Access and permission considerations

Before associating a repository with your notebook, make sure that your cluster, IAM role for EMR Notebooks, and security groups have the correct settings and permissions. You can also configure Git-based repositories that you host in a private network by following the instructions in Configure a privately-hosted Git repository for EMR Notebooks.

  • Cluster internet access – The network interface that is launched has only a private IP address. This means that the cluster that your notebook connects to must be in a private subnet with a network address translation (NAT) gateway or must be able to access the internet through a virtual private gateway. For more information, see Amazon VPC options.

    The security groups for your notebook must include an outbound rule that allows the notebook to route traffic to the internet from the cluster. We recommend that you create your own security groups. For more information, see Specifying EC2 security groups for EMR Notebooks.

    Important

    If the network interface is launched into a public subnet, it won't be able to communicate with the internet through an internet gateway (IGW).

  • Permissions for Amazon Secrets Manager – If you use Secrets Manager to store secrets that you use to access a repository, the Service role for EMR Notebooks must have a permissions policy attached that allows the secretsmanager:GetSecretValue action.

Configure a privately-hosted Git repository for EMR Notebooks

Use the following instructions to configure privately-hosted repositories for EMR Notebooks. You must provide a configuration file with information about your DNS and Git servers. Amazon EMR uses this information to configure EMR notebooks that can route traffic to your privately-hosted repositories.

Prerequisites

Before you configure a privately-hosted Git repository for EMR Notebooks, you must have the following:

  • An Amazon S3 Control location where files for your EMR notebook will be saved.
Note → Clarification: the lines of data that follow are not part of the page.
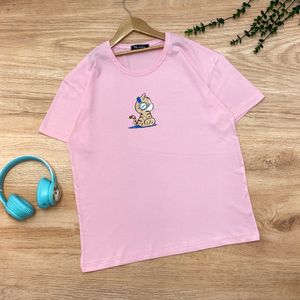 تیشرت زنانه طرح گربه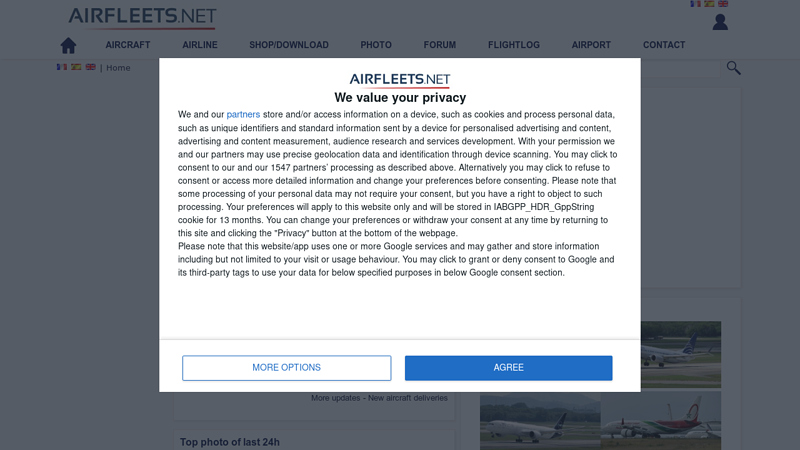 Airfleets aviation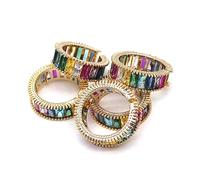 IMIKEYA Anello aperto regolabile vintage colorato per donna gioielli anello turco elegante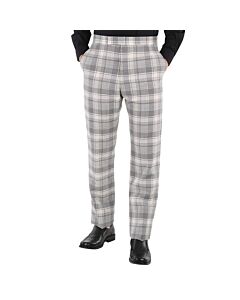 Thom Browne Men's Medium Grey Hairline Madras Check Classic Backstrap Trouser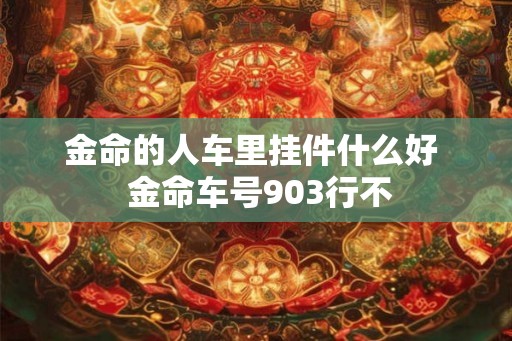 金命的人车里挂件什么好  金命车号903行不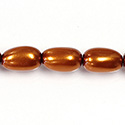 Czech Glass Pearl Bead - Baroque 18x10MM PUMPKIN 14321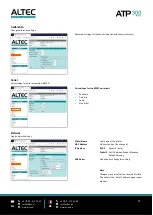 Предварительный просмотр 42 страницы Altec ATP 300 PRO User Manual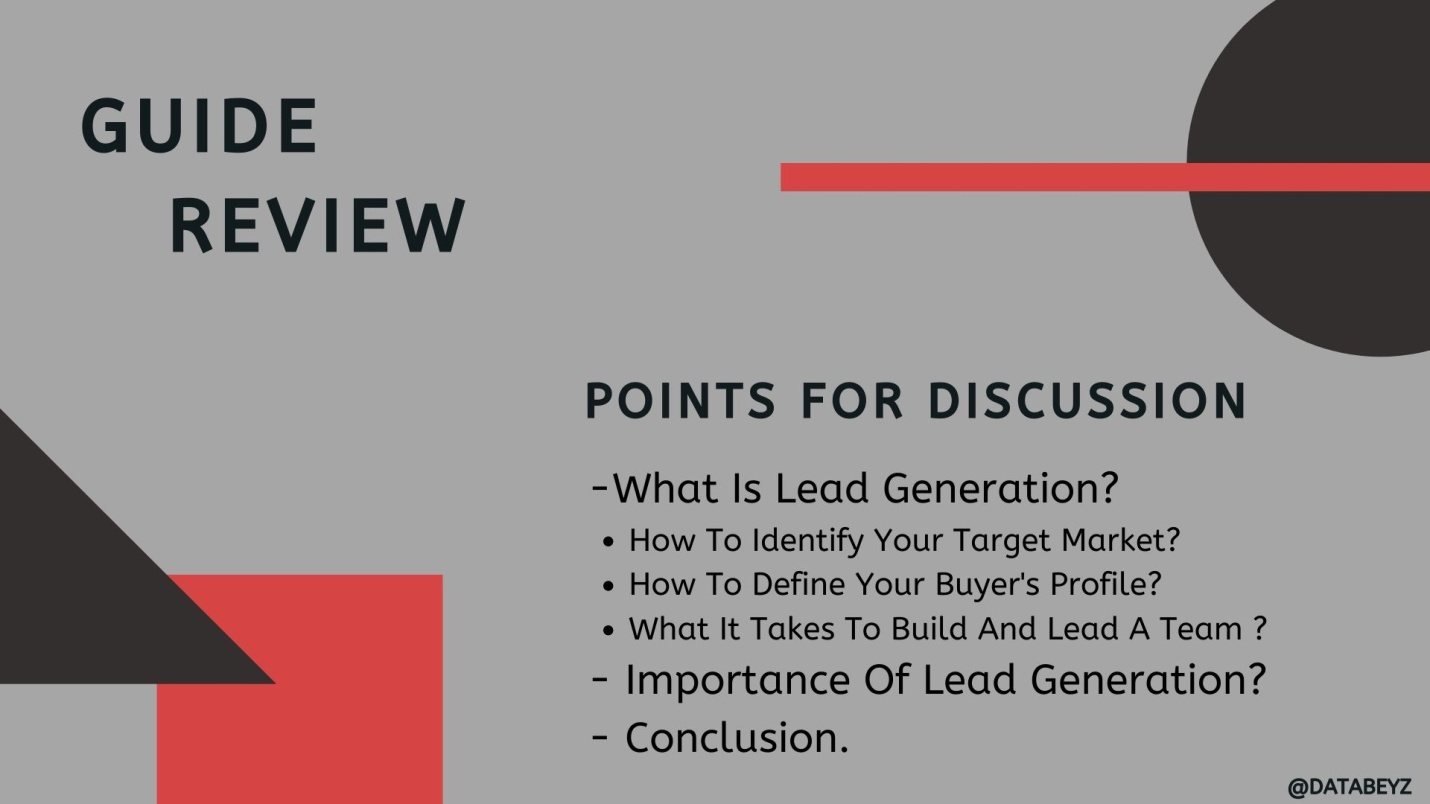 Lead Generation - Guide Review | Databeyz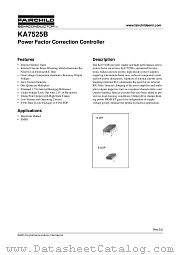 KA7525B datasheet pdf Fairchild Semiconductor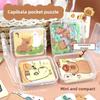 5PCS Animal Educational Toy Capybara Mini Puzzle New Jigsaw Puzzles  Party Favors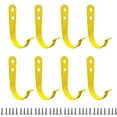 thumbnail image 2 of 20-Pack Wrought Iron Wall Hook Single Prong Decorative,Sturdy Metal Hanger with Screws,Rustic Style for Coat Hat Towel and Entryway Organization Yellow, 2 of 6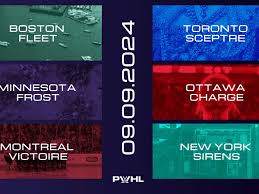 PWHL Unveils Six Official Team Names: Frost, Fleet, Charge, Sirens, 
Sceptres, Victoire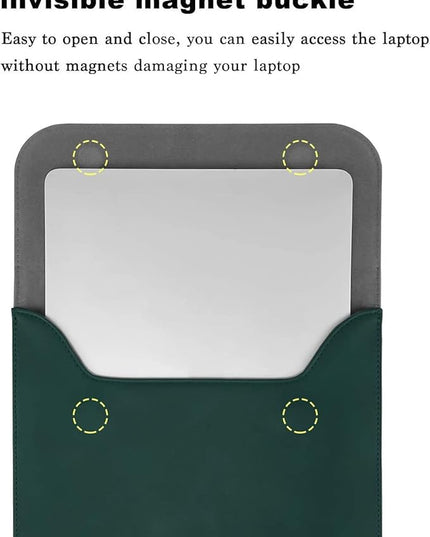 MOSISO Laptop Case 13 inch, 13 inch Laptop Sleeve Compatible with MacBook Air M4 M3 M2 M1 2025-2018 / Pro M2 M1 2025-2016, Faux Suede Leather Case with Small Bag, Peacock Green
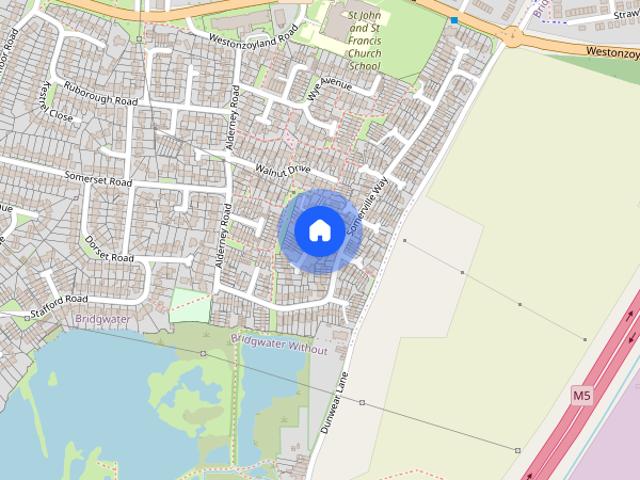 Townhouse for rent in Sydenham, Bridgwater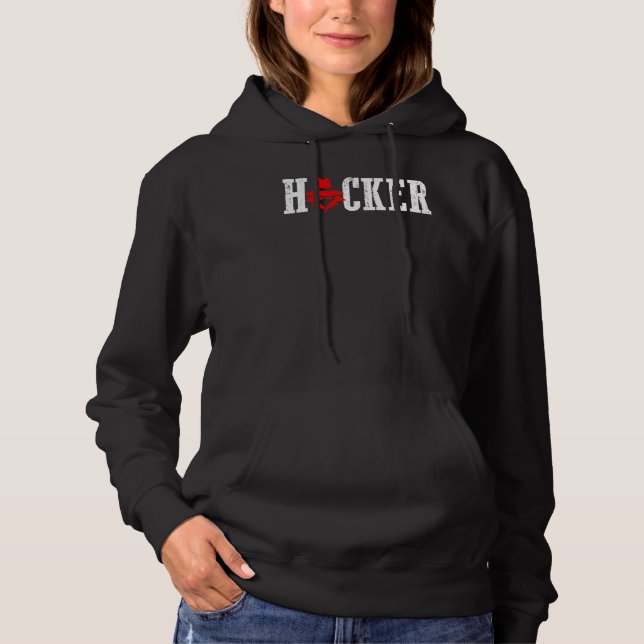 Hacker Cyber Security And Protect   Present Hoodie (Front)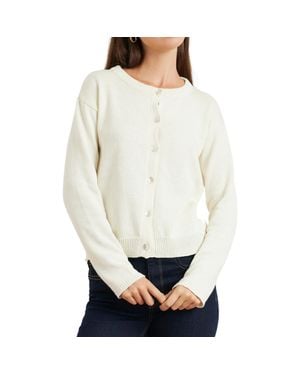 Paneros Clothing Ruthie Cotton Cardigan - Gray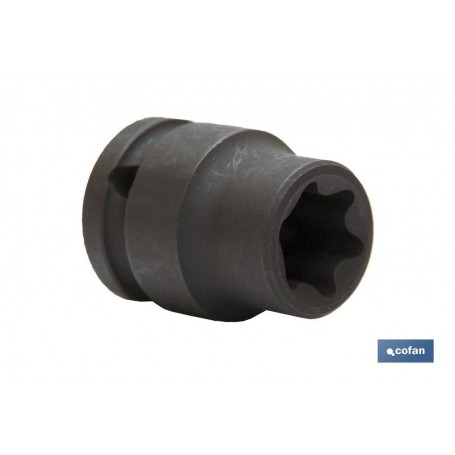 ▷ Vaso de impacto hembra 1/2" Torx | Ferreidea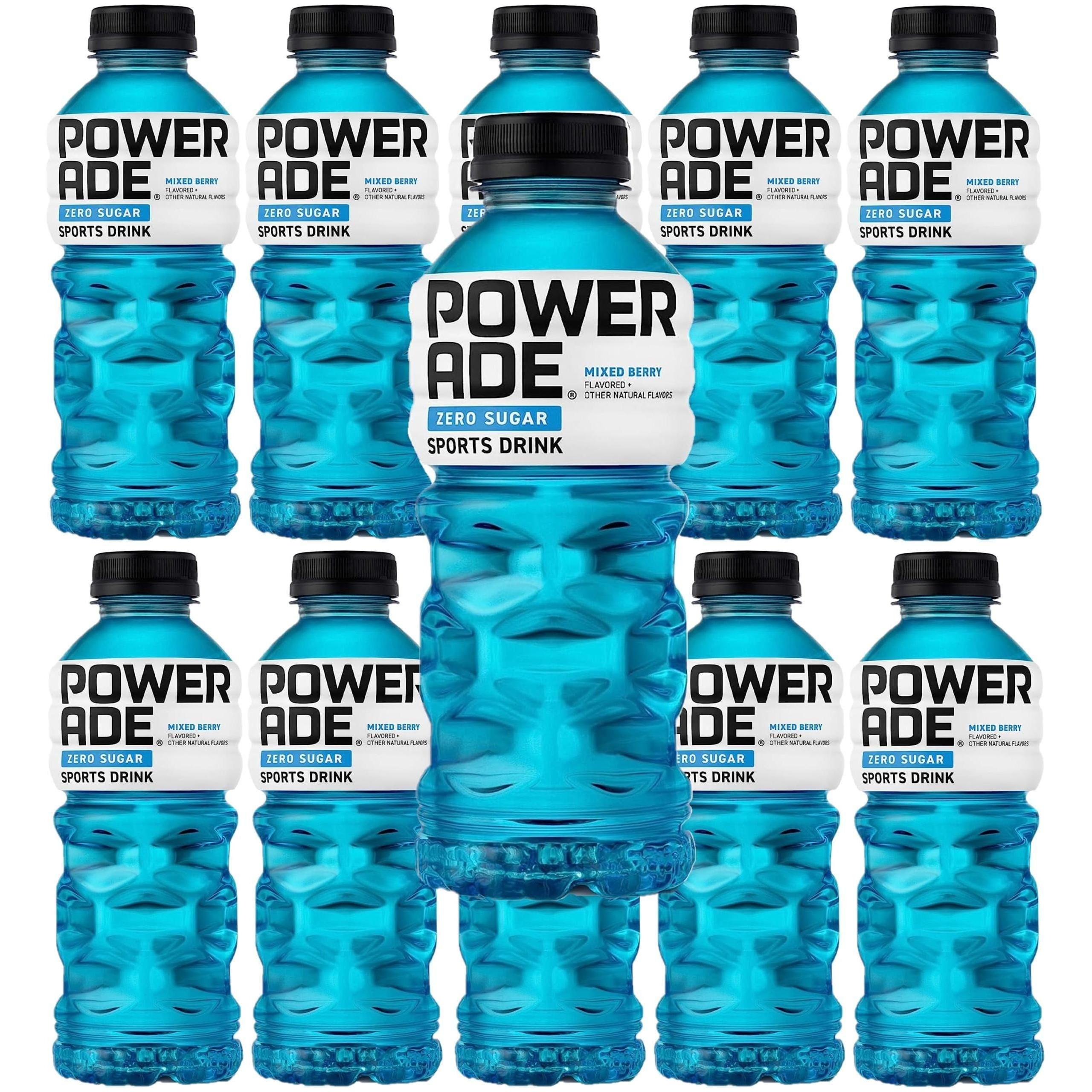 Powerade Zero Sugar Mixed Berry Electrolyte Drink, 20oz Bottles, 10-Pack - Powerade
To configure one or more privately-hosted Git repositories for EMR Notebooks
  1. Create a configuration file using the provided template. Include the following values for each Git server that you want to specify in your configuration:

    • DnsServerIpV4- The IPv4 address of your DNS server. If you provide values for both DnsServerIpV4 and GitServerIpV4List, the value for DnsServerIpV4 takes precedence and will be used to resolve your GitServerDnsName.

      Note

      To use privately-hosted Git repositories, your DNS server must allow inbound access from EMR Notebooks. We strongly recommend that you secure your DNS server against other, unauthorized access.

    • GitServerDnsName - The DNS name of your Git server. For example "git.example.com".

    • GitServerIpV4List - A list of IPv4 addresses that belong to your Git server(s).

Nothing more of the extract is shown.